Selera maskulin saya bukan hanya di musik. Saya juga pernah punya SIM (Surat Izin Mengemudi) B1—untuk kategori bus atau mobil barang perseorangan. Mobil yang saya sukai jenis jip yang gagah. Tetapi saya berhenti bawa mobil sendiri sejak melahirkan anak ketiga.
Di rumah, saya menyanyi hanya kalau perlu menghafal lagu untuk manggung. Kalau berlatih, saya tidak pernah menyanyikan lagu-lagu saya sendiri. Saya juga tidak pernah menyimpan album-album saya. Saya lebih suka menyanyikan lagu-lagu tahun 50-an, khususnya yang dinyanyikan Brenda Lee.
Saya bersyukur di usia sekarang ini, saya masih terus manggung dan menghibur banyak orang. Padahal, saya mulai menyanyi sejak usia lima tahun. Di usia 9 tahun saya sudah menjuarai lomba menyanyi tingkat Jawa Barat, lalu mewakili Jawa Barat ke tingkat nasional.

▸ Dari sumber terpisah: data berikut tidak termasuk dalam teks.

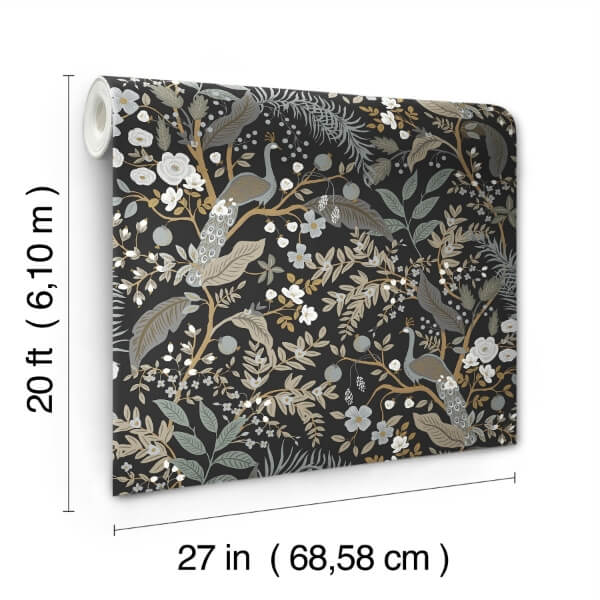 Peacock Garden Black Peel & Stick Wallpaper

Dua kali saya berkompetisi dengan Hetty Koes Endang di panggung, dan dua-duanya saya kalah. Meskipun begitu, pengalaman itu jadi bekal saya sampai sekarang. Menjadi penyanyi di zaman dulu yang lebih ditonjolkan adalah prestasi, bukan penampilan fisik atau sensasi. Itu berat dan perjalanannya panjang.
Ibu saya adalah orang yang paling berjasa dalam karier menyanyi saya. Beliau yang mengantar saya menyanyi ke mana-mana, baik di hajatan-hajatan di Cirebon maupun ke festival-festival di Jakarta. Kebetulan Ibu juga bisa mendesain baju.
Saya selalu dibuatkan baju yang feminin saat manggung. Mungkin karena sewaktu kecil saya tomboi, suka memanjat pohon, berkelahi, dan tidak suka berdandan.
Sebetulnya, di usia 12 tahun saya sudah mulai main film, “Bawang Putih,” sebagai pemeran pendukung. Pemeran utamanya (alm) Broery Marantika, yang tanpa saya duga, berpuluh tahun kemudian menjadi teman duet saya.
Tetapi nama saya baru melejit setelah main dalam serial TVRI berjudul “Losmen” yang sangat terkenal di zamannya. Serial itulah yang mengasah kemampuan akting saya karena sutradara dan penulis skenarionya dosen IKJ (Institut Kesenian Jakarta).
Ironisnya, masyarakat luas tahu saya bisa menyanyi setelah saya berperan di serial “Dokter Sartika.” Saya dianggap sebagai aktris yang bisa menyanyi, padahal sebaliknya, saya penyanyi yang belajar akting.
Setelah rekaman album rock, saya beralih rekaman album beraliran bossanova arahan Ireng Maulana. Baru pada tahun 1994 saya meluncurkan album pop dengan lagu hit Kau Bukan Dirimu, yang meledak dan terjual sampai 1,5 juta kopi.
Saya justru baru diapresiasi sebagai penyanyi dengan lagu yang menurut saya sangat sederhana. Lagu yang feminin, bertentangan dengan jiwa saya yang maskulin.
Namun, ada untungnya juga saya berjiwa maskulin. Saya jadi lebih kuat menjalani cobaan hidup. Saya telah melewati masa-masa berat—harus membayar utang selama tujuh tahun setelah perusahaan kami bangkrut, dikhianati suami sehingga harus bercerai, dan kehilangan putri sulung saya, Giszka Putri, yang wafat di tahun 2010.
Namun, sekalipun dalam kondisi ekonomi minus, saya bukan tipe orang yang bisa ‘dibeli’. Ayah saya yang banyak harta saja bisa saya tinggalkan, apalagi lelaki yang mau jadi pahlawan kesiangan. Saya butuh teman hidup, bukan lagi pasangan yang bicara asmara seperti anak muda. Dan itu saya temukan pada suami saya sekarang.